Apart from chronic absenteeism and habitual tardiness, petitioner was also made to answer for
loitering and wasting of company time, getting salary of an absent employee without
acknowledging or signing for it and disobedience and insubordination.[18] Thus, the Labor
Arbiter found that actually petitioner tried to submit her explanation on August 11, 1994 or
within the two-day period given her, but private respondents prevented her from doing so by
instructing their staff not to accept complainant’s explanation, which was the reason why her
explanation was submitted a day later.[19]
The law mandates that every opportunity and assistance must be accorded to the employee
by the management to enable him to prepare adequately for his defense.[20] In Ruffy v.
NLRC,[21] the Court held that what would qualify as sufficient or “ample opportunity,” as
required by law, would be “every kind of assistance that management must accord to the
employee to enable him to prepare adequately for his defense.” In the case at bar, private
respondents cannot be gainsaid to have given petitioner the ample opportunity to answer the
charges leveled against her.
From the foregoing, there are serious doubts in the evidence on record as to the factual basis of
the charges against petitioner.

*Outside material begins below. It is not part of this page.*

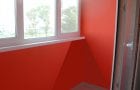 קירות המרפסת צבועים באדום.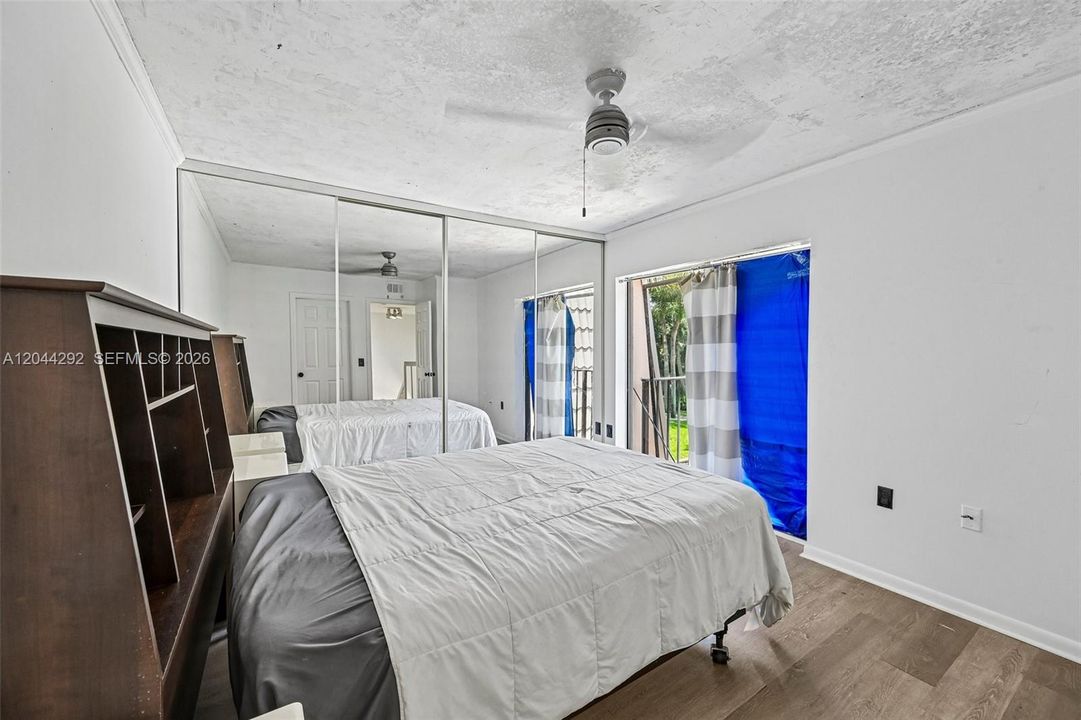 На продажу: $265,000 (2 спален, 2 ванн, 1236 Квадратных фут)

These doubts shall be resolved in her favor in line with the policy
under the Labor Code to afford protection to labor and construe doubts in favor of
labor.[22] The consistent rule is that if doubts exist between the evidence presented by the
employer and the employee, the scales of justice must be tilted in favor of the latter. The
employer must affirmatively show rationally adequate evidence that the dismissal was for a
justifiable cause.[23] Not having satisfied its burden of proof, we conclude that the employer
dismissed the petitioner without any just cause. Hence, the termination is illegal.